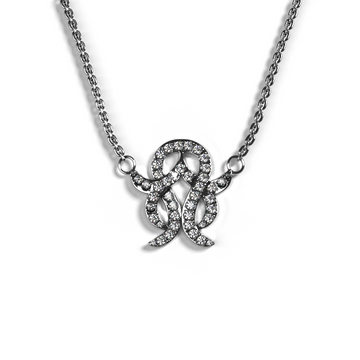 "Silver tulip zircon armenian necklace"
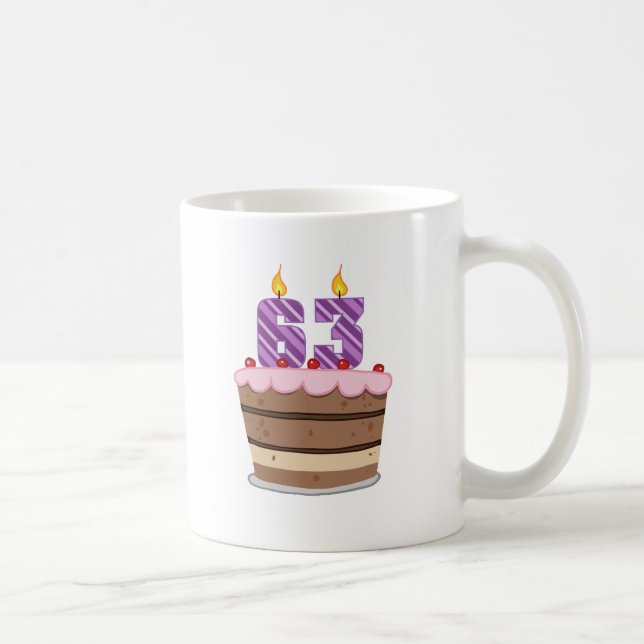 Alter 63 auf Geburtstags-Kuchen Kaffeetasse (Rechts)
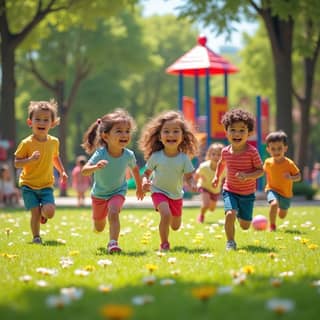 Niños jugando en un parque en España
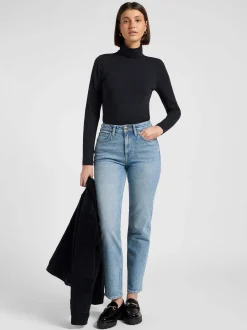 Lee Damen Langarmshirt - Ls Turtle in schwarz
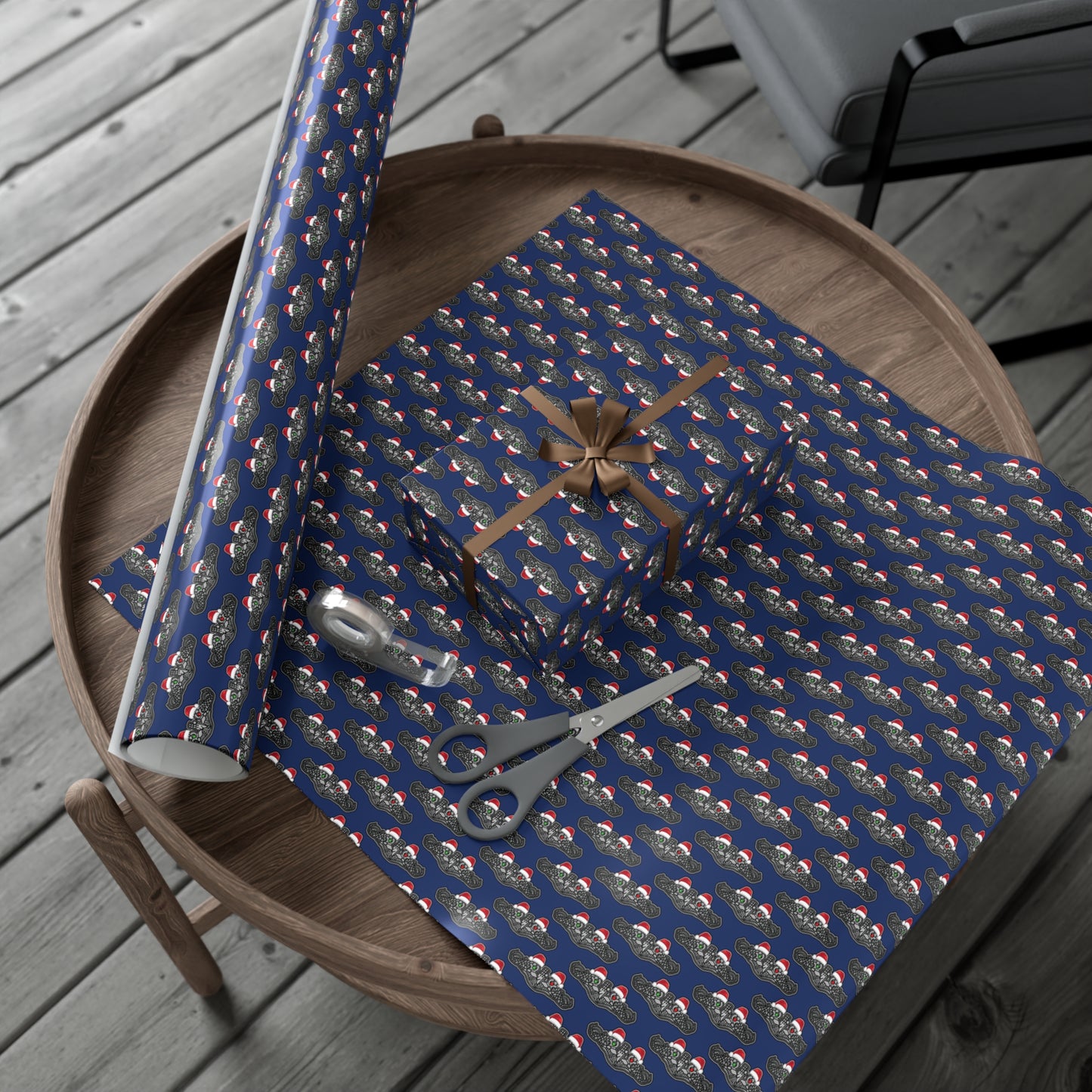 United States Navy Submarine Force Silver Enlisted Dolphins Christmas Hats with Red and Green Eyes Blue Gift Wrap Papers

______________________________

- _WORK REQUEST_
Return the full material word for word. Do not include the pictures.

- _REPLY_
 "Silver tulip zircon armenian necklace"
 Alter 63 auf Geburtstags-Kuchen Kaffeetasse (Rechts)
 Niños jugando en un parque en España
 Lee Damen Langarmshirt - Ls Turtle in schwarz
 United States Navy Submarine Force Silver Enlisted Dolphins Christmas Hats with Red and Green Eyes Blue Gift Wrap Papers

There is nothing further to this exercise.